In a passage eloquent in both its optimism and its crankiness, the blogger asks if the recession is chasing away this "swaggering crowd of safety-seeking do-nothings" and making room for those President Obama called "the risk-takers, doers, and makers of things":
Many of us are feeling optimistic about this city for the first time in a decade. . . . There is great hope that the narcissistic, sociopathic tenor of our entire country, the dark cloud we've been living under for the past 8 years, is poised to change. . . . And our city will be far better for it. We don't need to tumble into violence and degradation.
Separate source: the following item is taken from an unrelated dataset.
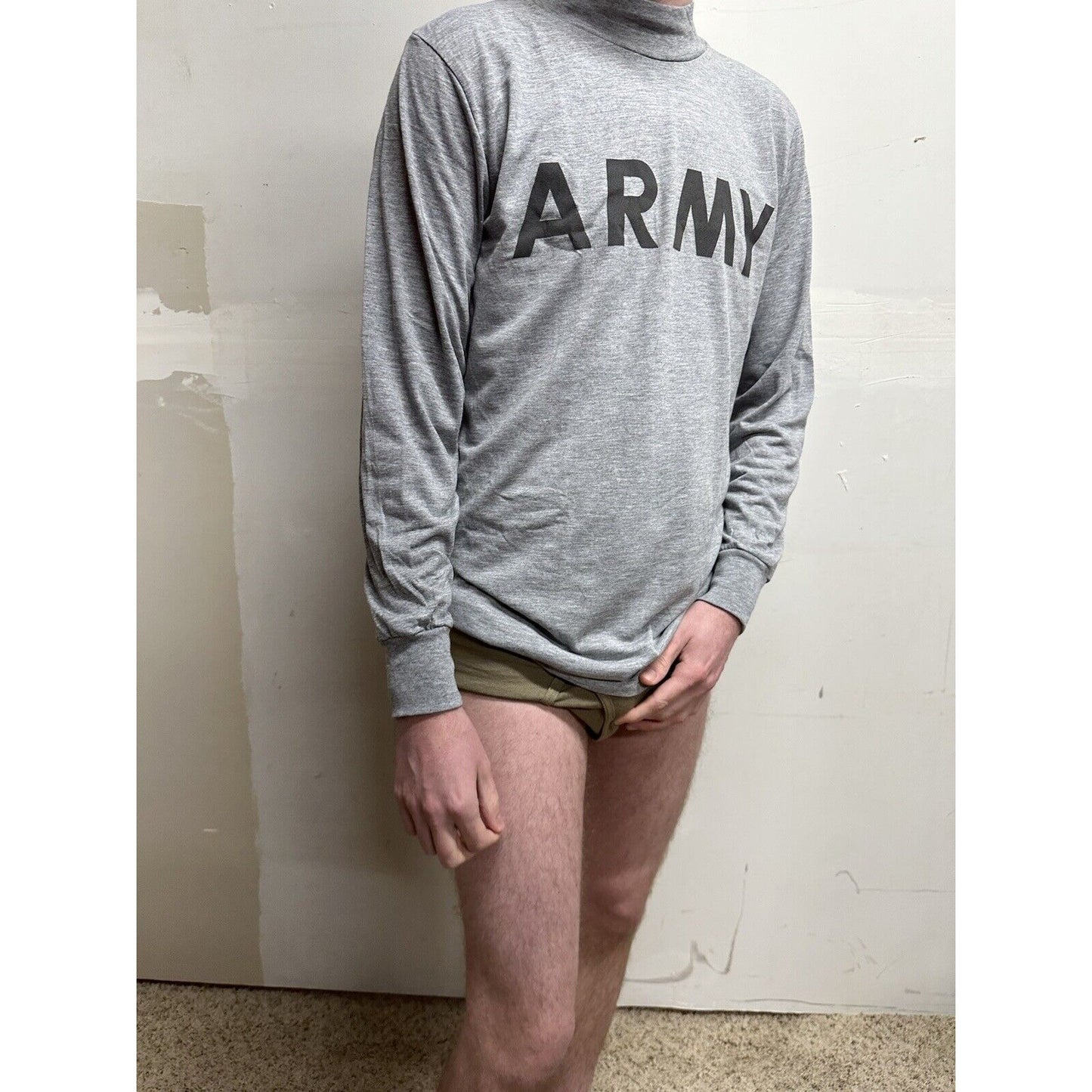 GENUINE US ARMY Military PT PHYSICAL FITNESS GRAY LONG SLEEVE T SHIRT Small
We can be safe, we can prosper, we can enjoy beautiful things-without living in a sociopathic New York.
The lines about the "narcissistic, sociopathic tenor of our entire country" and a "sociopathic New York" reminded me of a song I heard Andrew Bird sing at Carnegie Hall Wednesday.
Bird is a quirky indie rocker whose classical violin infuses his music-"one of the most distinctive and creative songwriters working today," says New York Magazine. His songs are esoteric to the point of pretentious. One of my favorite lines on his latest album, Noble Beast, comes from the song "Tenuousness": "From proto-Sanskrit Minoans to porto-centric Lisboans / Greek Cypriots and harbor sorts who hang around the ports a lot." He ropes archaic and technical terms into rhythm and poetry.
Bird took off his shoes and played in his stocking feet on the Ronald O. Perelman stage, which still looked spacious even with the drums and the cluster of spinning gramophones that sent sound through the auditorium. His sock monkey sat on the stage behind him as he layered and looped the music to create the symphonic sounds that wrapped themselves around his erudite lyrics.
He sang "Oh No," the first song from his latest album, and the lines echoed Moss: "It would take a calculated blow to the head / to light the eyes of all the harmless sociopaths."
Bird explained this line months ago on the New York Times blog Measure for Measure: "What does it take to wake us up, we who feel so little? Aren't we almost like sociopaths, only the kind that don't kill people?" Sociopaths are people so callous to other people's pain they almost seem to have no soul; and on some level, Bird is saying, we're guilty of that callousness and consciencelessness, too. Maybe we don't do others active harm, but our hearts are hardened "calcium mines buried deep in our chests." Waking us up to compassion would take a hard blow to the head.
If Moss is right, the recession could be that "calculated blow" that dislodges the "calcium mines" in the hearts of the not-so-harmless sociopaths.